Com a maquininha que veio da China, Tailor cortou o cabelo do Eduardo e eu cortei o dele. Nos revezamos na cozinha e estamos aprimorando a arte de reaproveitar as sobras. Em tempos de guerra, nada se perde, tudo se transforma, como aprendemos com Lavoisier.
Como era meu fim de semana de folga, pretendia passar a entrevista das 17h com a equipe do Ministério da Saúde, mas quem vive de notícias não consegue se alienar. Liguei a TV. No balanço de sábado, chegamos a 10.278 casos e 431 mortes.
Mais tarde, no Jornal Nacional, o balanço do mundo. E a notícia de que o primeiro-ministro britânico Boris Johnson estendeu a quarentena porque segue com febre. No domingo, fim de tarde, a notícia de que Johnson foi hospitalizado. A "gripezinha" está castigando o primeiro-ministro, que no início era contra o isolamento. Até a rainha Elizabeth II entrou em cena para pedir aos súditos que fiquem em casa.
Ainda no sábado, o presidente Jair Bolsonaro postou um vídeo com vários pastores pedindo aos fieis para que fizessem jejum no domingo para enfrentar o demônio do coronavírus. Fiquei matutando: quantos deles terão passado o domingo a água e água.
No domingo, a milícia virtual bem alimentada e inspirada no ex-astrólogo Olavo de Carvalho, o escatológico, foi para as redes difamar o ministro Luiz Henrique Mandetta, agora chamado até de comunista. E o presidente, que já não esconde o desejo de se livrar de Mandetta, mandou mais um dos seus recados sutis como pisada de elefante para ver se o ministro se rende.
Enquanto vociferava contra Mandetta (e talvez contra outros ministros que estão alinhados a ele, já que falou no plural), a plateia no cercadinho respondia “Amém”.
— Algumas pessoas no meu governo, algo subiu a cabeça deles. Estão se achando. Eram pessoas normais, mas de repente viraram estrelas. Falam pelos cotovelos.
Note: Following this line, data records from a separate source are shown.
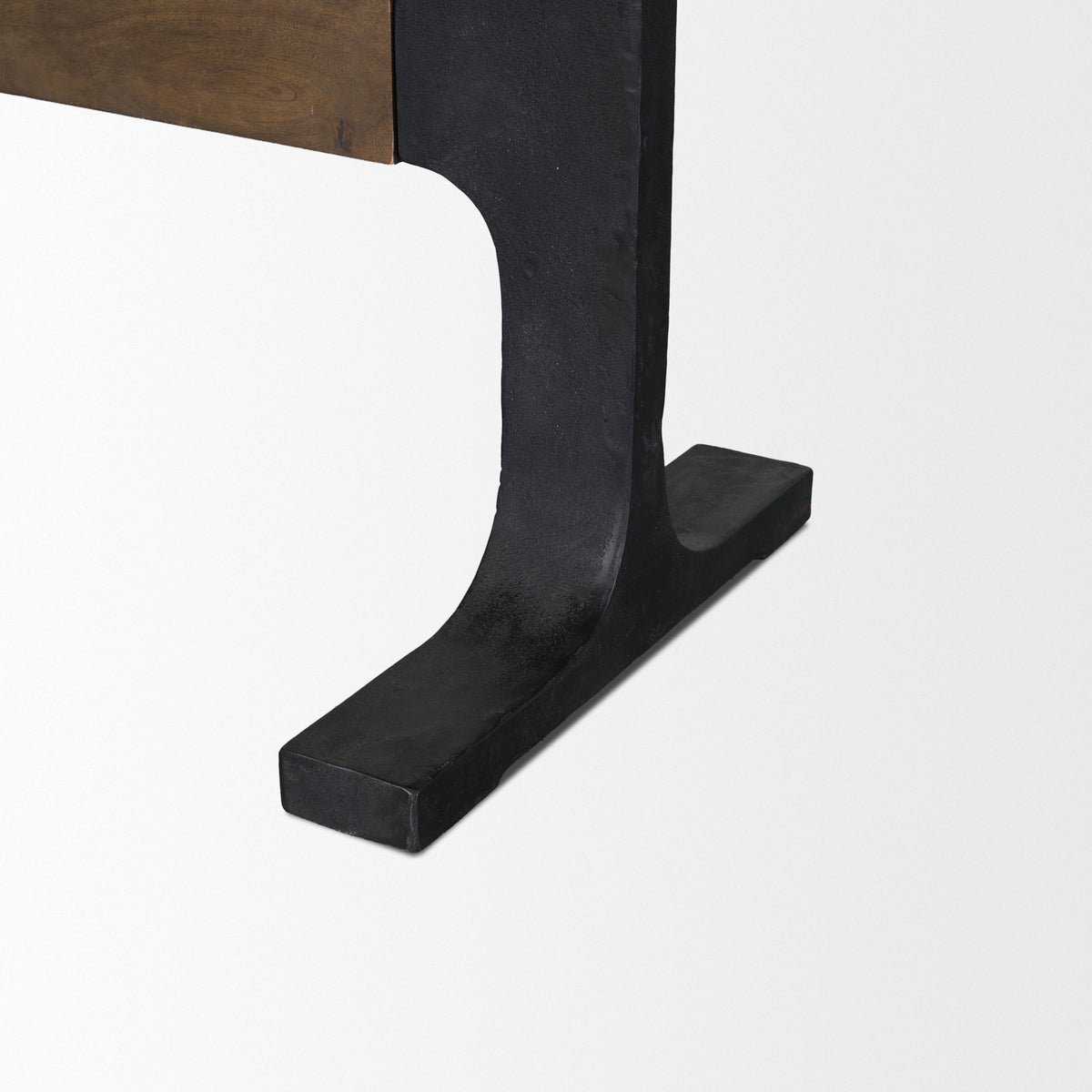 Araxi 95"L x 41"W Rectangular Trestle Dining Table | Brown Wood & Black Metal | Seats 8-10-Dining Tables-DECOROLALA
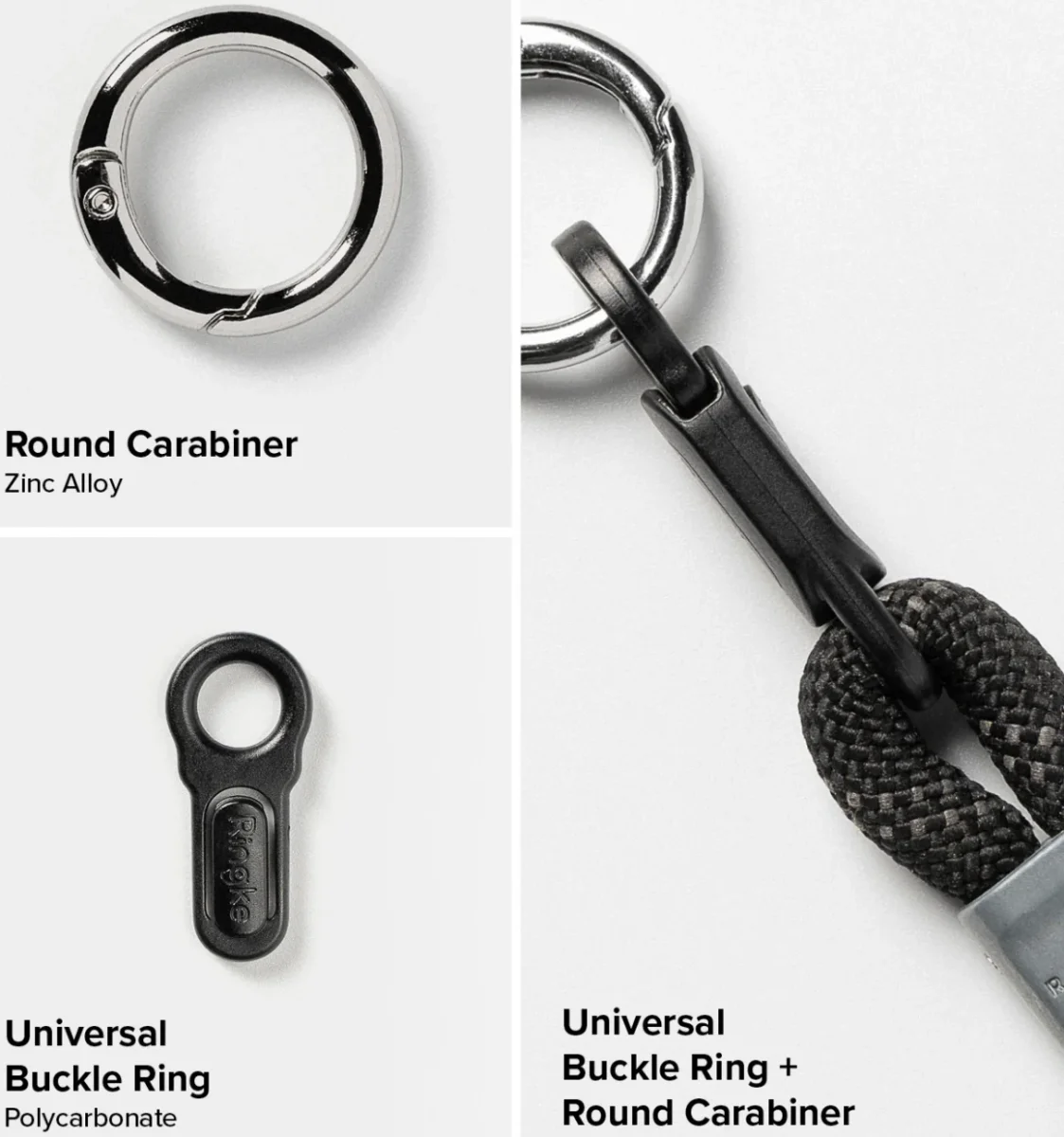 Ringke Rope Hand Strap - Universeel Telefoonkoord / Polsband Zwart afbeelding 9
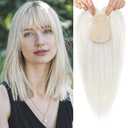 Flufymooz 100% Real Human Hair Toppers, 12 Inch Human Hair Toppers for Thinning Hair Large Handwoven Area 360° Coverage Natural Hairpiece Wiglet for Women Daily 5"x3" Silk Base (Silver White)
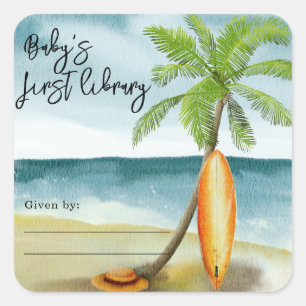Surf beach - baby's first library square sticker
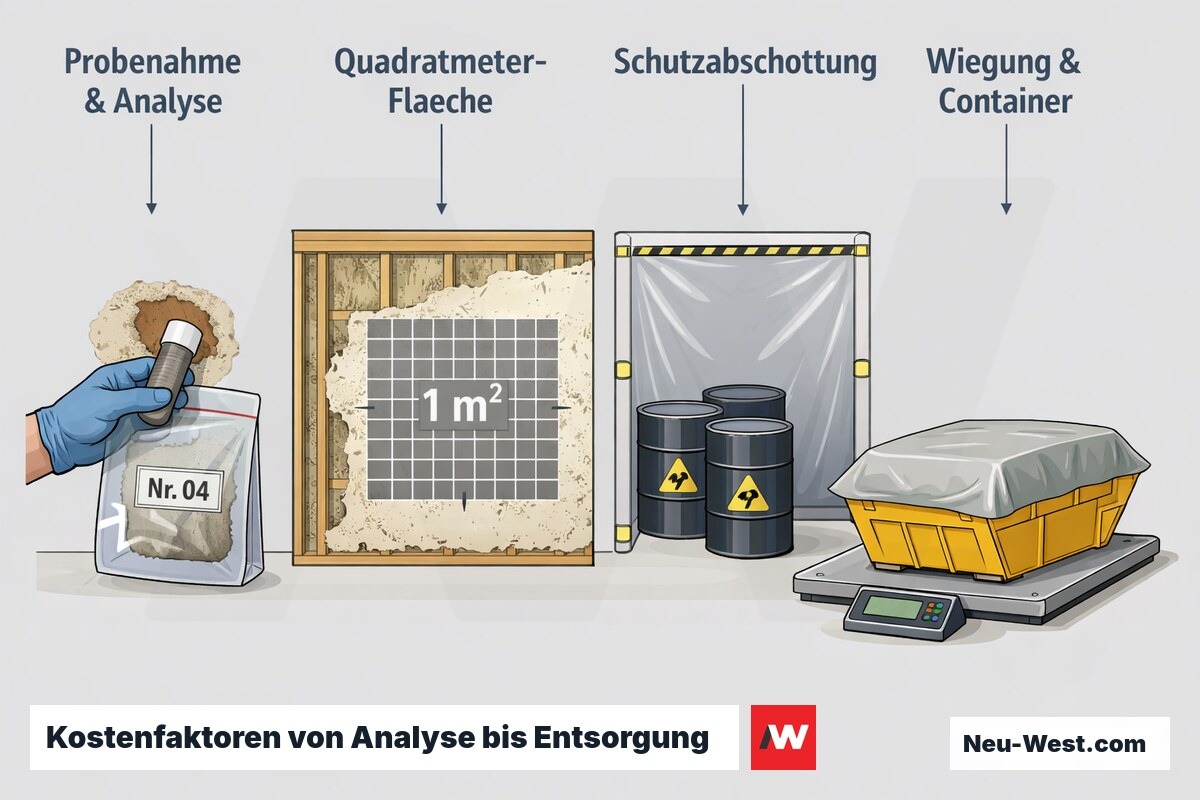 Querschnitt-Diagramm mit drei Zonen: Probenahme, Ausbau pro Quadratmeter und Entsorgung per Wiegung und Container als Kostenfaktoren.
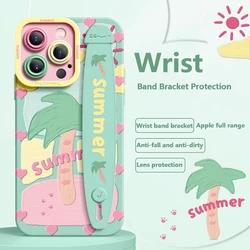 Deluxe Wrist Band Bracket Case Applicable Iphone 1514 13 12 11 ProMax X XR Xs Silicone Cell Phone Protective Cover Coconut Trees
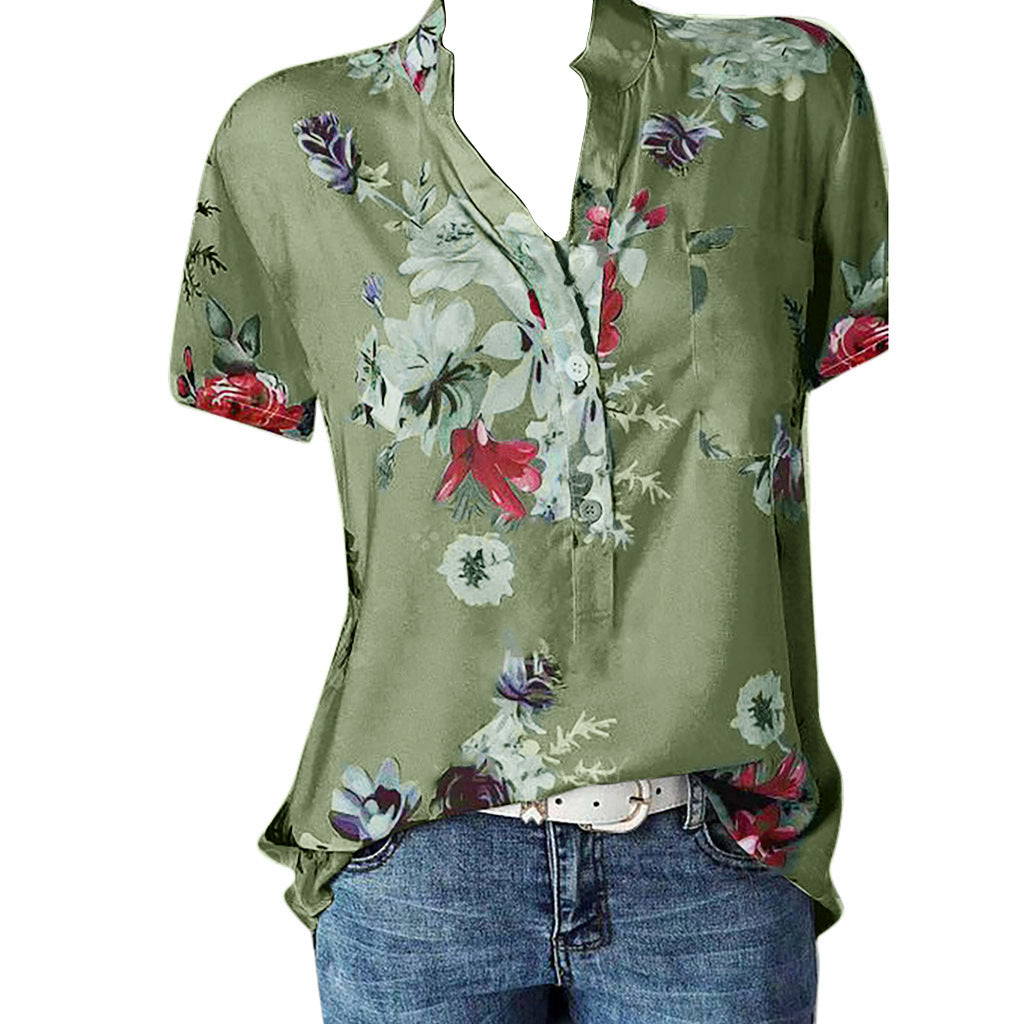 Chemise à manches courtes à col en V imprimé à la mode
Tem provocações. Mas a hora deles não chegou ainda não. Vai chegar a hora deles. A minha caneta funciona. Não tenho medo de usara a caneta nem pavor. E ela vai ser usada para o bem do Brasil, não é para o meu bem - disse Bolsonaro.
O jornal O Estado de S.Paulo tentou ouvir o ministro sobre as alfinetadas, mas Mandetta se esquivou:
— Eu estou dormindo. Amanhã eu vejo, tá?
Últimos dados oficiais da evolução do coronavírus no Brasil: 486 mortes e 11.130 casos. Na Itália, o número de mortes diárias começou a baixar, mas ainda são mais de 500 a cada 24 horas.